En esa época me gustaba embriagarme los fines de semana, mientras me repetía que algún día sería escritor. Quizá por ello, a donde fuera, siempre llevaba algún libro. De los que recuerdo, sobresalen El diario de la Riva de José Martínez Torrez, Pregúntale al polvo de Jhon Fante, Memorias de mis putas tristes de García Márquez. Y después de leerlos, los acomodaba en un rinconcito de un mueble, donde mi madre tenía el televisor.
Y en esa ocasión, apenas vi la biblioteca, me puse a revisar los anaqueles. Y mientras miraba, sentía que un calor se apoderaba de mis dedos. Luego imaginé que los libros me hablaban. Amigo, llévanos de aquí. Libéranos de este encierro polvoso. Y yo asentía indeciso, como tratando de no hacer caso a la vocecita que resonaba en mi cabeza. ¡Anda, cabrón!, no te hagas el disimulado, que ya notamos eres amante de lo ajeno. ¿Así nos llevamos? Me defendí.
Muchos de los libros eran nuevos, pasta dura, y editados por editoriales de renombre.
Anda, qué te cuesta. Estira la mano y cógenos. Prometemos no hacer ruido al salir. ¡No puedo!, me resistí. Podrían descubrirme, y entonces sería el hazme reír de todas estas personas que están aquí. Se imaginan que me atrapan y me dicen: ¡Con que iba a robarse esos libros!, ¿no? Qué diría mi novia. No. Estense quietos. ¿Acaso te crees eso que acabas de decir? Y recordé que una tarde entré a La ceiba, en pleno corazón de Tuxtla y, como si nada, me llevé algunos libros del poeta Sabines.

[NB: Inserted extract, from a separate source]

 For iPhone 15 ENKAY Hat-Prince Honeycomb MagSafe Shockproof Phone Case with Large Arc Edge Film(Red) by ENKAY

Me acerqué más al estante de donde, creí, nacía la voz, y leí: Pedro Paramo, El llano en llamas y El buen lector no nace, se hace. Los dos primeros de Rulfo. El tercero, de Felipe Garrido a quien conocería años más adelante y relataría esta experiencia. Los tomé y empecé a hojearlos. Al momento saltaron sobre mi Juan Preciado, «Diles que no me maten», «Macario», «No oyes ladrar los perros», «Nos han dado la tierra», y algunos pasajes de Garrido. Cuando leí las primeras frases de cada libro, sentí que ya me pertenecían. Que estuvieron esperándome por años. Ya vez, te lo dijimos. Y te hacías del rogar, creí escuchar la voz de Rulfo. Pero te gusta hacerte el importante. Ahora acomódanos bajo tu axila, y sal como si nada. Antes de salir, platicas unos segundos con el encargado. Así no se dará cuenta de nada. Para ayudarte, le velaremos los ojos al cegatón ese. El encargado, algo viejo, llevaba gafas.

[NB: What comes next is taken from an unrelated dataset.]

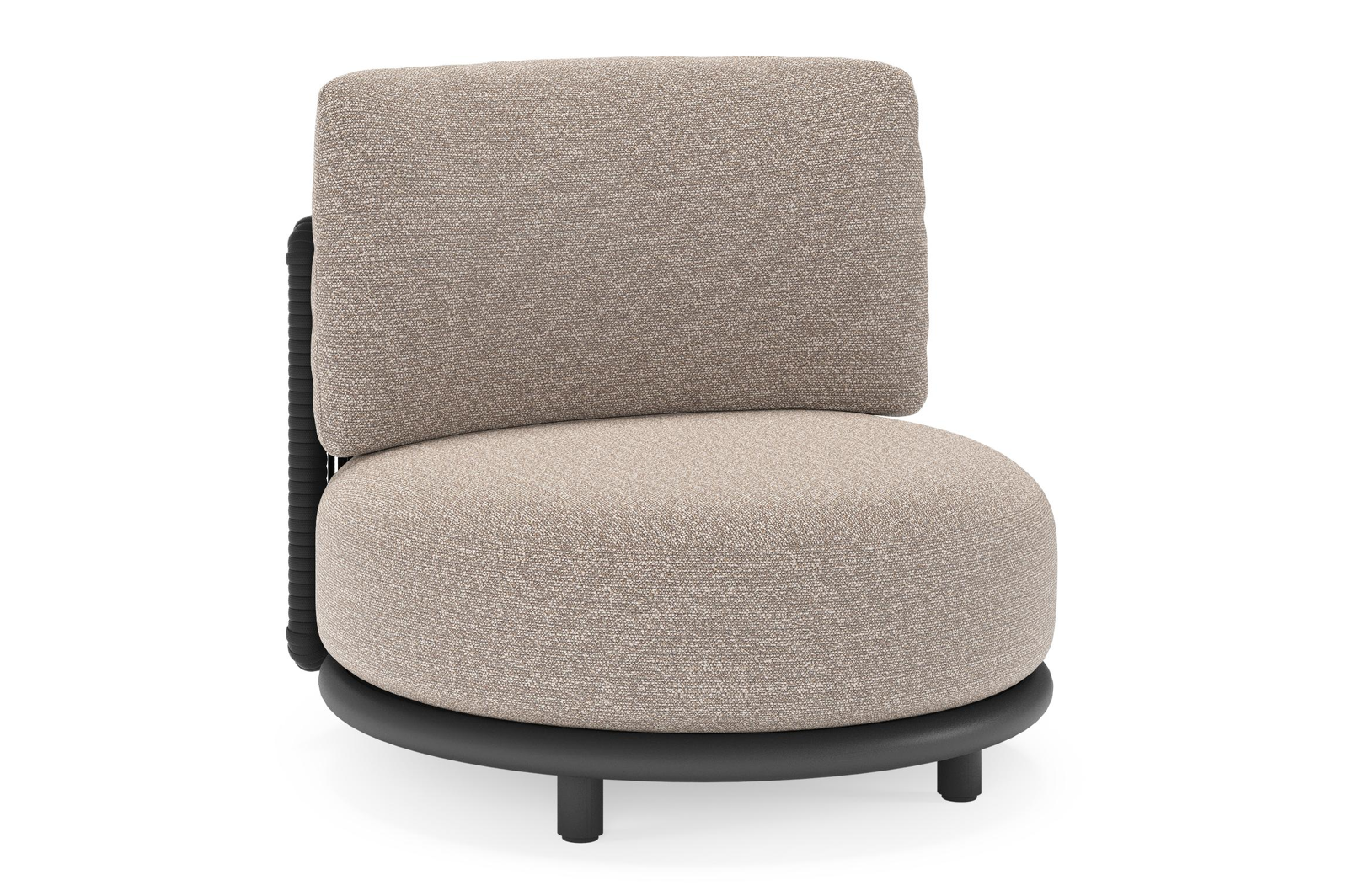 Lomano loungestoel in zwart aluminium en beige verticaal geweven luxe vlakke rope met wander manioc all weather sunbrella® luxe kussen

Los puse en mis axilas y caminé a la salida, mientras la vocecita repetía: Gracias por rescatarnos. Ya estábamos hasta la madre de este pinche encierro. Antes de salir, intercambié un par de palabras con el encargado, que no se dio cuenta de nada. Para mi sorpresa, también yo me olvidé de los libros. Cuando salí, estaba feliz. ¿Era un robo? No, respondí. Salvé los libros del olvido. Y cuando por la tarde, en un barcito, empecé a leer El llano en llamas, supe que había cometido el robo perfecto.

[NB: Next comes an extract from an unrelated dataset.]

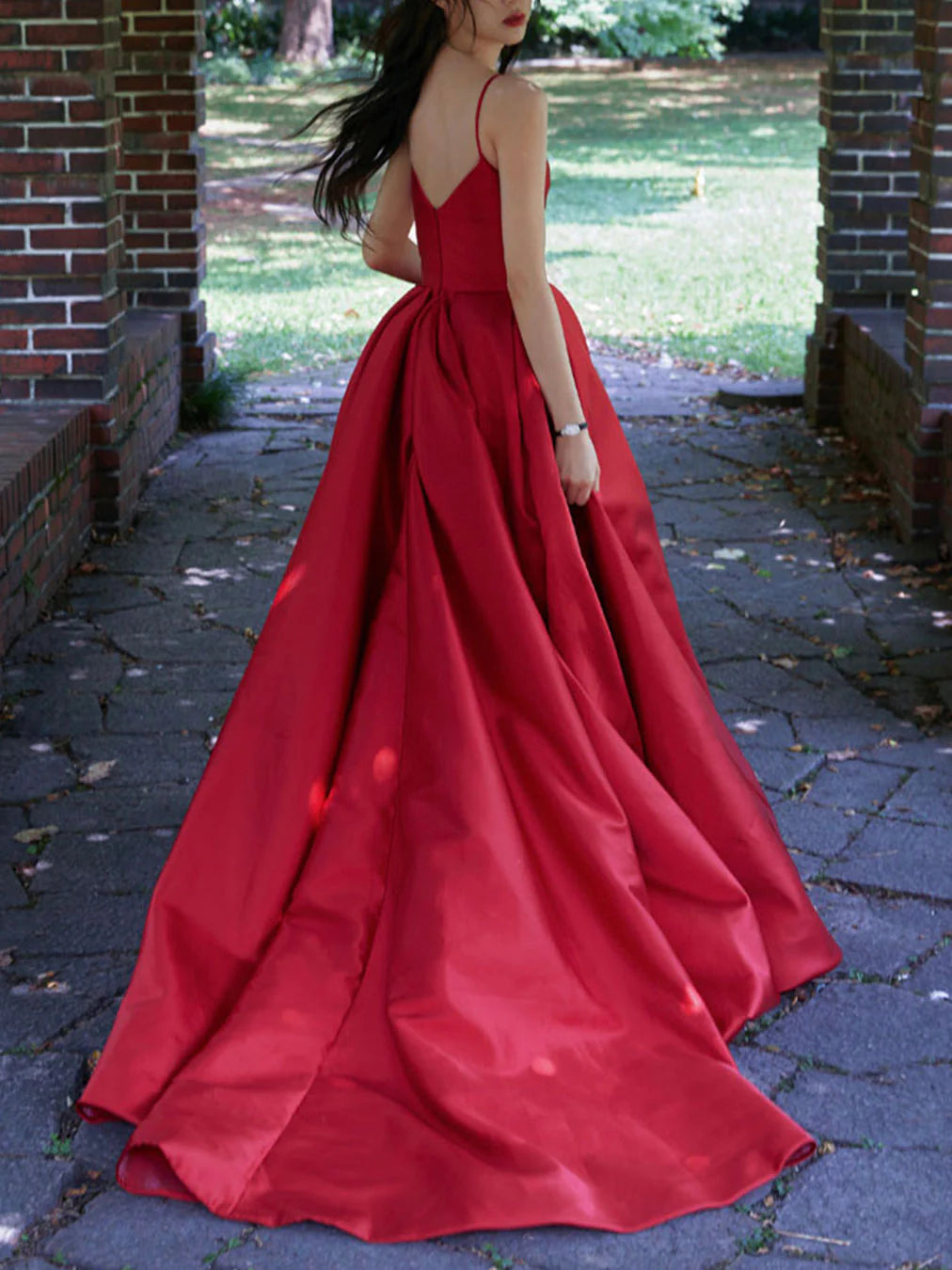 V Neck Satin Long Prom Dress Red Formal Graduation Dresses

El viento fresco mueve el follaje de los robles recién bañados por la lluvia. Más allá, entre las calles oscuras de mi colonia, un perro ladra y su ladrido se pierde en la oscuridad y el silencio. Los faroles son como ojos parpadeantes entre la niebla que baja de los cerros. El más alto lo llaman El tío beli, porque, me contaron, cuando vine a esta ciudad, allí tenían la escultura de Belisario Domínguez, que ahora está a la entrada de la ciudad. Y fue allí, a esa montaña que ahora luce deforestada, la que visité apenas llegué a Comitán. Y como hoy, ese día, el cerro estaba cubierto por niebla espesa.
Ocho años, me digo despacio, enfatizando en cada palabra porque allí se encierran muchos recuerdos en esta ciudad. De pronto, las ranas, los sapos y los perros se callan. Sólo el viento se mueve en los árboles. ¿De dónde nace el silencio?, pienso, mientras un pájaro nocturno canta entre los árboles. Dentro, mis hijos corren y gritan. Rita andará por allí. Sonrío porque desde que me llevé Pedro Paramo, El llano en llamas y El buen lector no nace, se hace, han pasado muchas cosas. Tengo hijos, esposa, una casa que encierra nuestros sueños, y un espacio donde están los libros que he comprado desde entonces. Ahora ya nos lo pido prestado ni me los llevo, porque, pienso, alguien con la misma necesidad que tuve hace años, irá por ellos.